The above subject line may be a daunting, doom-and-gloom way of thinking, for example, about all of the work I have yet to do for my day job (as do many of us), or even as all the work I have left to do that I know for certain needs doing in terms of devotional writing, editing, and so forth. But, instead, it’s something else entirely–and something positive! Let me explain.
Until recently, the time I’ve been going to work in the morning has often been dark. Even with daylight savings kicking in, it’s still sometimes been dark when I’ve had to catch my first bus. And, at night when I’m done with work and am getting on the bus now, it’s also dark, and even darker when I am riding the second bus back toward home. Night: it happens. (And I don’t just mean “Nyx shows up occasionally” with that…!)

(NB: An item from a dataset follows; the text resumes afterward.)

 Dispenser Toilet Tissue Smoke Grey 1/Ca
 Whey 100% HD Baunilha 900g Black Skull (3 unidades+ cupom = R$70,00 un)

Why does any of this matter, apart from obvious reasons of noticing the shift of seasons? Because each day as I get the bus and go to work, we pass by Mt. Erie. If it is daylight, I always try and salute the mountain, as it were, as we pass within sight right near it, or even if I can see it from a great distance. Passing in close proximity (less than 1/2 a mile) to Mt. Erie on an almost-daily basis these days cannot be taken for granted, given that Mt. Erie is the axis mundi of my local landscape and my own personal psychic geography. But, not seeing the mountain because it is too dark out (and there aren’t many lights out there…and there hasn’t been a visible moon lately) is kind of…strange, to say the least. I know it’s there, but if I can’t see it, how can I be certain? I’m not so solipsistic to take such a statement to further extremes, but outside of our sensory experiences, how do we know things are for certain–even things with such long lifespans as mountains?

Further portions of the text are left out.